Awesome pics. Great size. Look thick. Solid. Tight. Keep us all posted on your continued progress with any new progress pics or vid clips. Show us what you got man. Wanna see how freakn' huge, solid, thick and tight you can get. Thanks for the motivation.


----------



## Bert Stare (Aug 5, 2011)

rudd said:


> You natty mate or on supps? Any cardio included in this cut or you just running a strict 1200cal?


natty

completely natty, I lift 4 days a week and do cardio like 6 days a week on top of it of just a straight 3.2 mile run (outside)
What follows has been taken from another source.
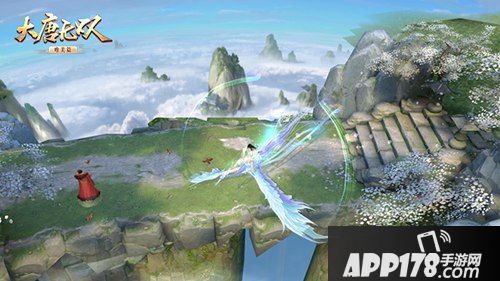 夺宝奇遇转锦轮 《大唐无双手游》双十一开门狂欢三大事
I figured out that I'm at a 1,200 calorie deficit with the workout and cardio taken into account


----------



## rudd (Jan 7, 2011)

Whats your stats mate if your dont mind me asking? Current bf too?


----------



## Bert Stare (Aug 5, 2011)

5'6''

started @ 84 kg, now @ 73 kg

bf I have no clue, probably like 12% if I had to guess


----------



## flinty90 (Jul 1, 2010)

No one says you can only eat 500 cals under maintanance mate, its just a good starting point .. if its working for you mate thats great , but when your weight loss stalls (and it will) what are you going to do then mate ?? you cant cut more calories out , so you will have to do more cardio ..

the basics of losing the 1 lb per week is that its steady weight loss and if you find you can lose that every week on say 2500 cals per day then whats the point in dropping to 2000 cals per day and missing out on another bit of food ???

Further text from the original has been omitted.